# slight jealousy with peggy



## crazy lady (Jan 19, 2012)

i hope i have put this in the right place.
peggy is 7, and very much my girl, we did have another dog, who died when she was 1 yr, and i have had a tibetan terrier come to stay here a few times, for a few days.
she has been a star with murphy, as you can imagine has come in and turned ours and her life topsy turvey. well a couple of times, when i have been making a big fuss of her, sitting on the floor, he has come up to join in, and she has really told him off, which i completely understand, i have dealt with this by gently moving him away with my other hand, telling her to be good , but not letting my hold on her go, i watch to see when her mood has passed then let her go where is is once again fine with him, and will play straight away . does it sound as if i am doing the right thing? should i stop cuddling her where he can come up and try to be part of it? i never tell her off when she does this, as she has always been my girl, and 99%of the time is an angel with him, and has been so kind to him.


----------



## LisaVonH (Mar 17, 2012)

watching this post with great interest. my jealous 13 year old jack drew blood on my very naughty puppy yesterday  not quite sure how to plat it really.....


----------



## kendal (Jul 16, 2009)

If im honest this happens with me , 4 cockapoos all wanting cuddles at the same time. echi often gets a bit gowly as she is my gilr and even if im cuddling one of tgem she will mussle in.

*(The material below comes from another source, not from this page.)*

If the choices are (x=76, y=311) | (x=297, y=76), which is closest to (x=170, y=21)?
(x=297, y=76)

if she gets growly its her i removev and give affection to one othe the others. she needs to learn she doesnt own me. and she is getting better. 

you if she growls i would move her back.


----------



## crazy lady (Jan 19, 2012)

kendal said:


> If im honest this happens with me , 4 cockapoos all wanting cuddles at the same time. echi often gets a bit gowly as she is my gilr and even if im cuddling one of tgem she will mussle in.
> 
> if she gets growly its her i removev and give affection to one othe the others. she needs to learn she doesnt own me. and she is getting better.
> 
> you if she growls i would move her back.


thank you for your advice, 
as she has been so good , and lets him have her bed, look in her food bowl once she has finished, i thought i was doing the right thing by letting her have some fuss without him muscling in? she still has one walk a day without him, and it is not always me who takes her, perhaps if i gently move her away, make a fuss of him ,a nd then ask her to join us? i really want to get this right, as want them to live in dog harmony together,


----------



## crazy lady (Jan 19, 2012)

LisaVonH said:


> watching this post with great interest. my jealous 13 year old jack drew blood on my very naughty puppy yesterday  not quite sure how to plat it really.....


i hope the advice i get helps you too, can be quite stressful at times cant it?


----------